* PROVIDED DATA
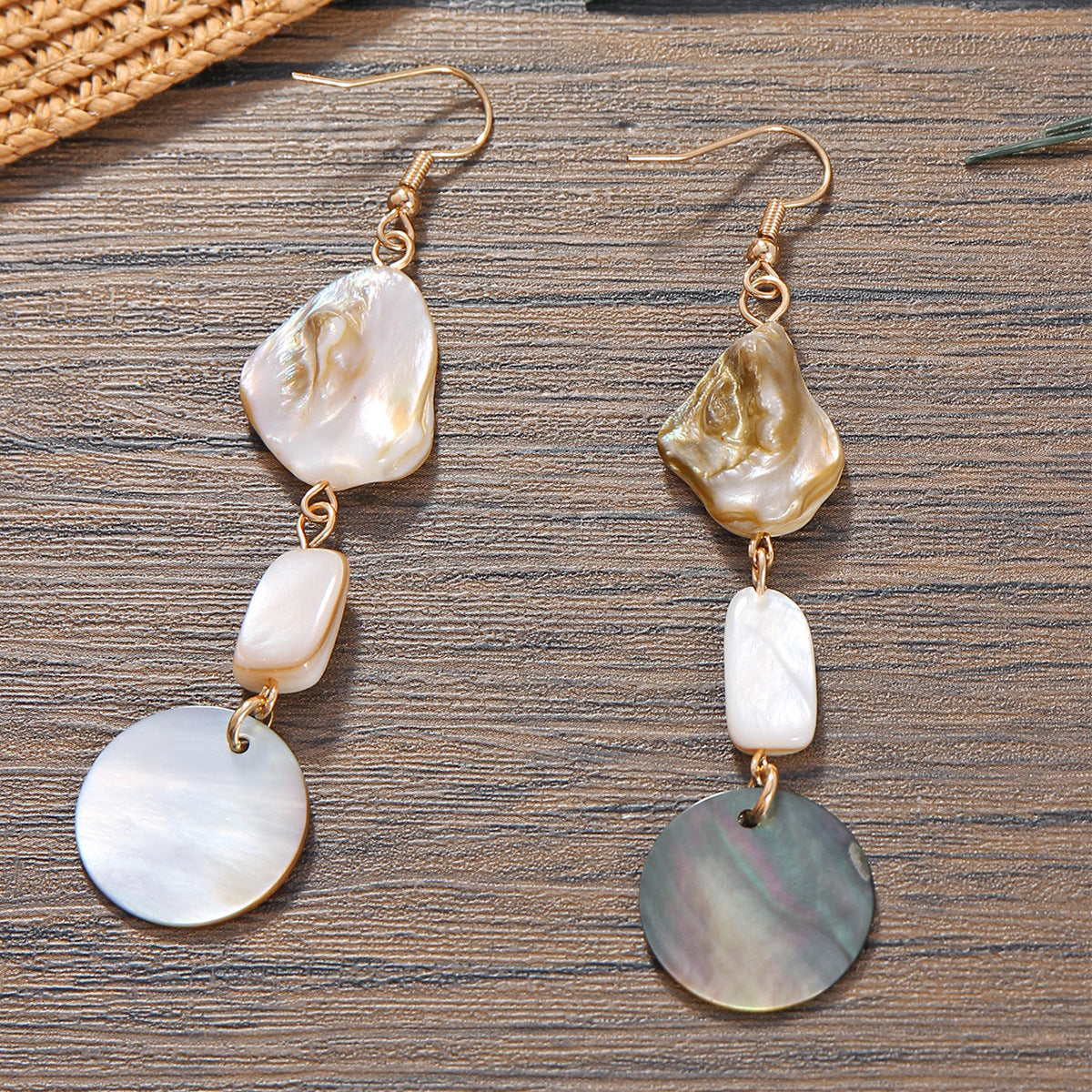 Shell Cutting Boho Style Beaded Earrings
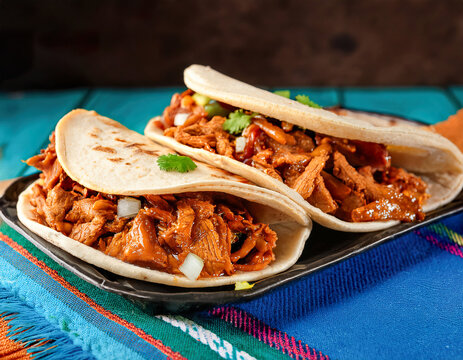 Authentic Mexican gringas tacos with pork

--

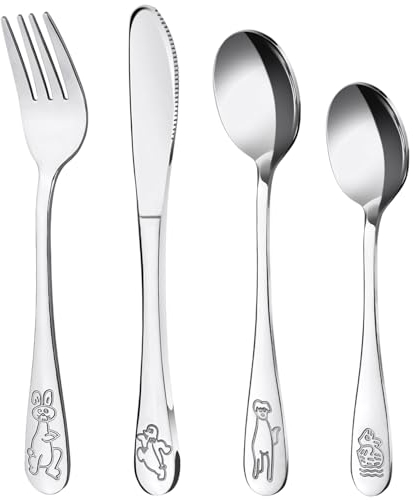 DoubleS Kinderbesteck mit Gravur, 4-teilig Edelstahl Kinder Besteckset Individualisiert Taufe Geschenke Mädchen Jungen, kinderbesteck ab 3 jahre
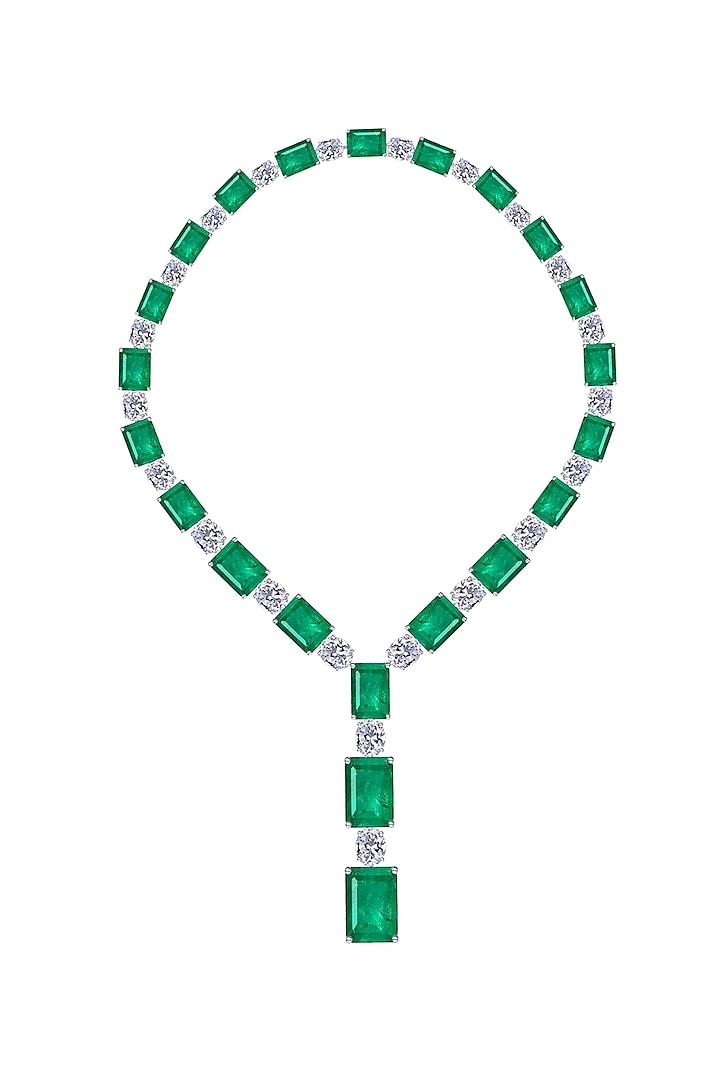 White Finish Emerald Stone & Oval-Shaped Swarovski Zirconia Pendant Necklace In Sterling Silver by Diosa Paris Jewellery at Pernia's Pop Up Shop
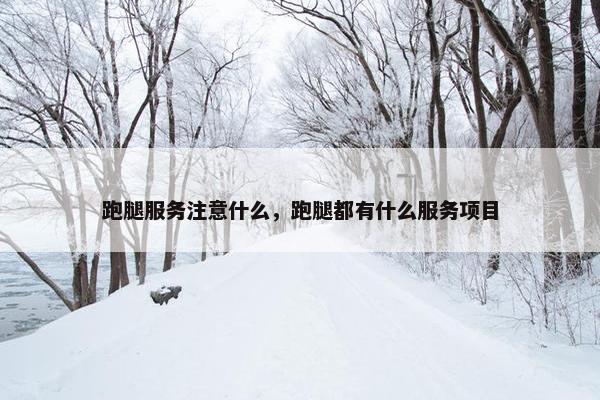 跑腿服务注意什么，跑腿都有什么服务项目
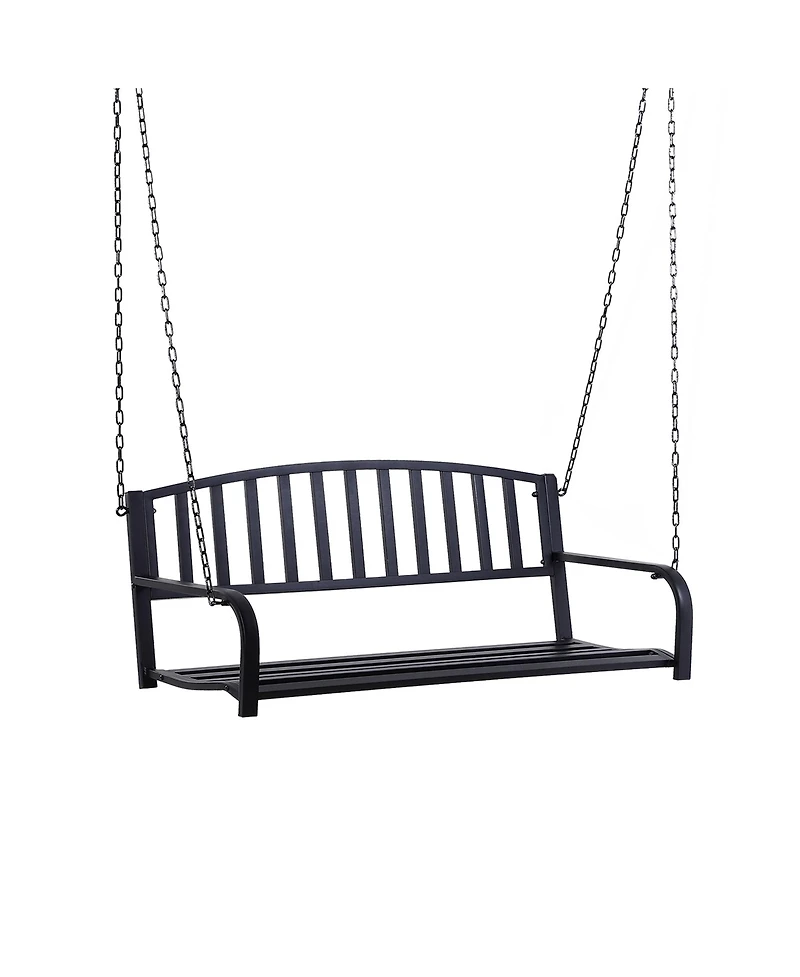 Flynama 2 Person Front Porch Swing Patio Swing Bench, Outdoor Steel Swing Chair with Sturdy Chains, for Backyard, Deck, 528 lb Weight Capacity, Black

==

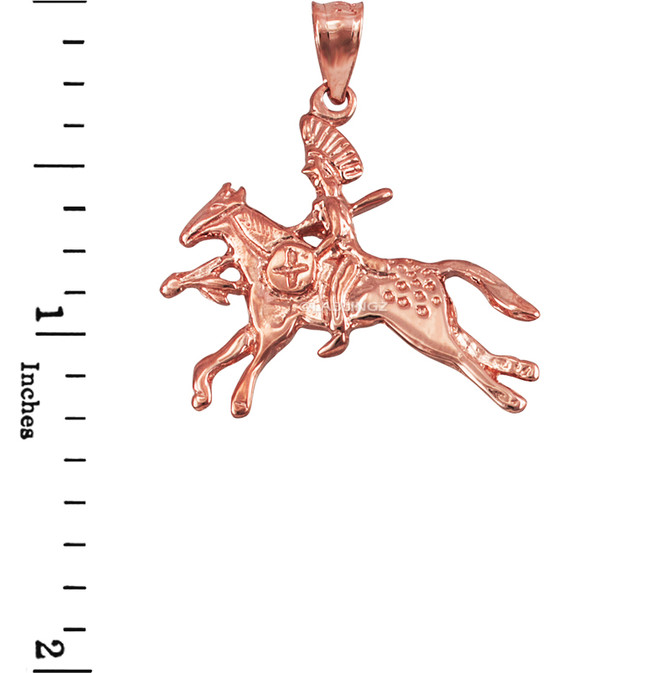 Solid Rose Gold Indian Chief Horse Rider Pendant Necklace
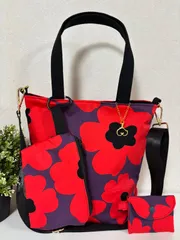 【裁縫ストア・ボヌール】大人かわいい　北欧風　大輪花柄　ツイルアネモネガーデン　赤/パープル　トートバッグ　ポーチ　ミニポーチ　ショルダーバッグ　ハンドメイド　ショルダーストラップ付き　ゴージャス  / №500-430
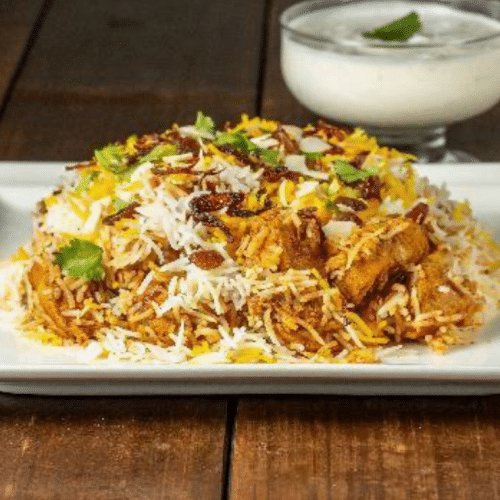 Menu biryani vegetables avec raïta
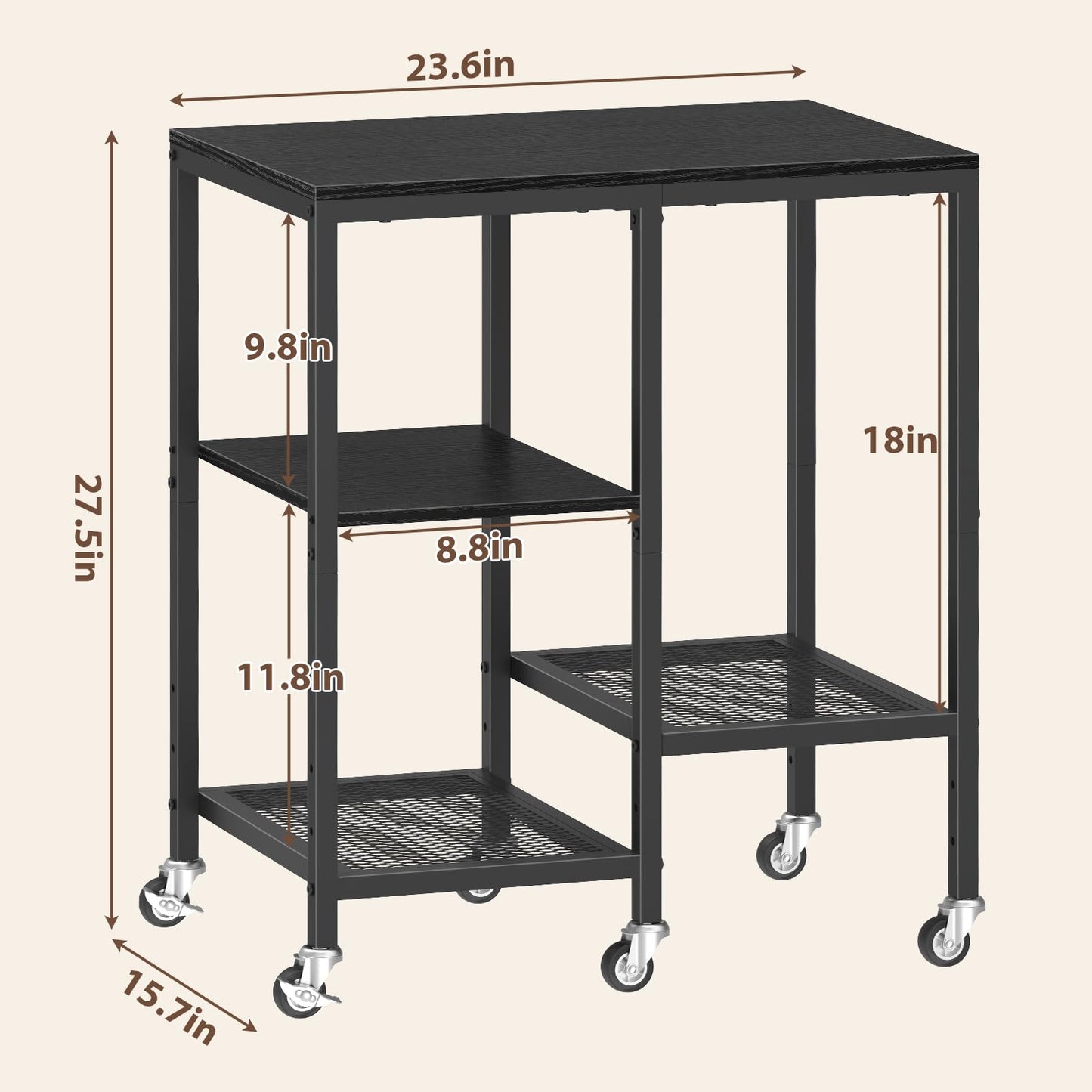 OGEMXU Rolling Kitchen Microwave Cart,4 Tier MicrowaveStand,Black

* ASSIGNMENT
Nothing but the lines from the one with "Menu biryani vegetables avec raïta" up to and including the one with "OGEMXU Rolling Kitchen" should be printed, exactly as they read above. Please keep the pictures out.

* ANSWER BOX
 Menu biryani vegetables avec raïta
 OGEMXU Rolling Kitchen Microwave Cart,4 Tier MicrowaveStand,Black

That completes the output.